There is no doubt in my mind that if Germany continues to ignore dissenting voices, it will eventually promote intolerance rather than prevent it. Anti-Semitism is an undeniable and disturbing trend that should be condemned as harshly as possible, especially in Germany. As a German whose family is itself implicated in Germany’s historical atrocities, I feel quite strongly about this.
At the same time, a blanket ban on demonstrations in support of Palestinians’ rights seems to be doing little to effectively curb anti-Semitism. Instead, it is fostering a climate of fear and division. While protesters, artists, cultural workers, and academics in Germany have come under fire for their pro-Palestine opinions, many of them are actually gesturing toward a broader point concerning Germany: The division of the public over the issue of Israel-Palestine could soon turn into a sort of litmus test for Germany’s changing policies on immigration.
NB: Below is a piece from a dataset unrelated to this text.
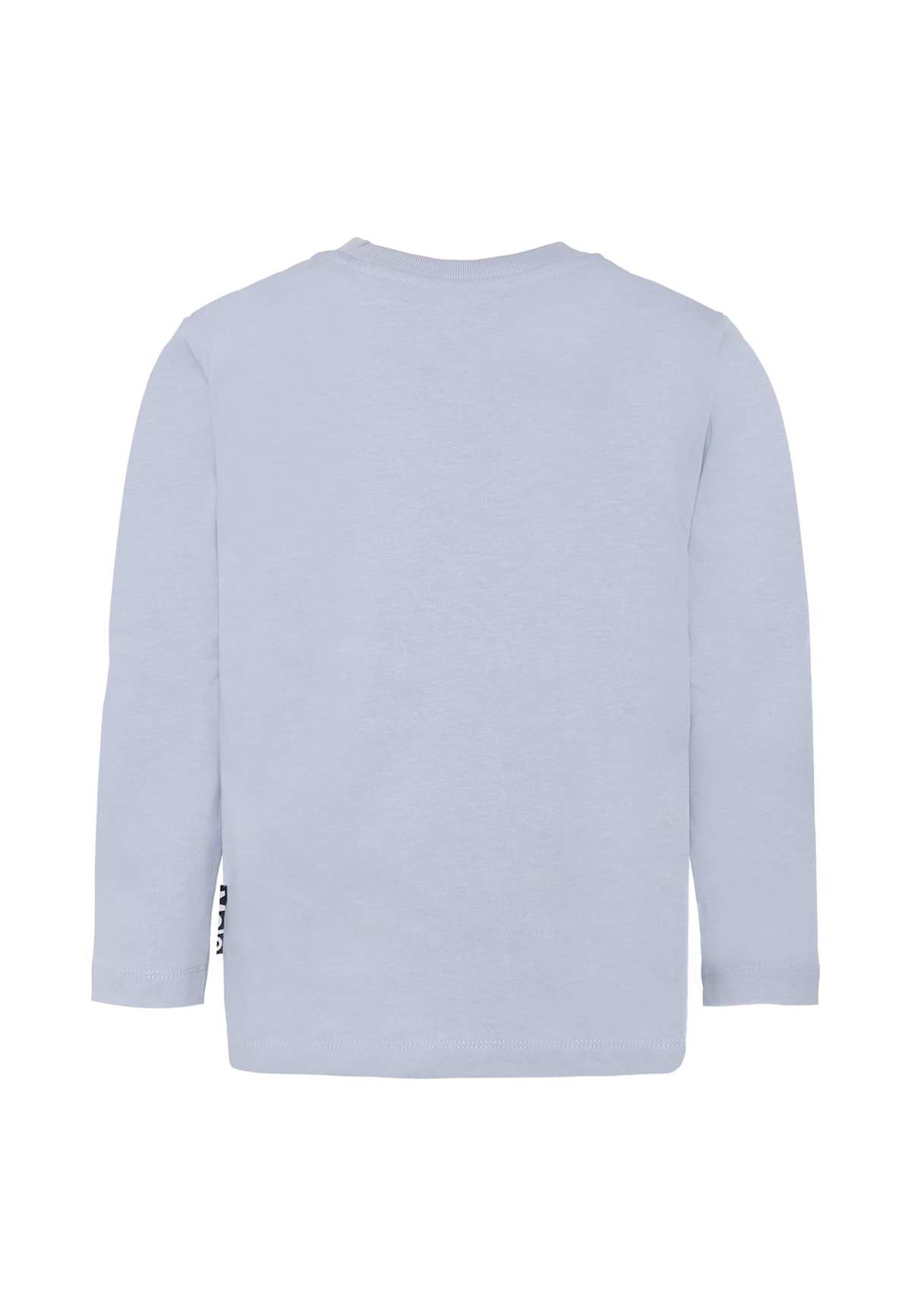 KIDS MOLO Lion T-shirt - Light Blue - Image 2 of 3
With Berlin being home to one of the biggest Palestinian diasporas in Europe, and also an increasingly growing Israeli and Jewish community, these questions are very unlikely to go away anytime soon.
Correction: A previous version of this article incorrectly stated that Berlin’s Education Senator Katharina Günther-Wünsch called on the city’s schools to ban keffiyehs. Günther-Wünsch gave schools the option of banning them. In addition, the previous version did not clearly state that Yaeli Ronen removed her play from the theater’s schedule.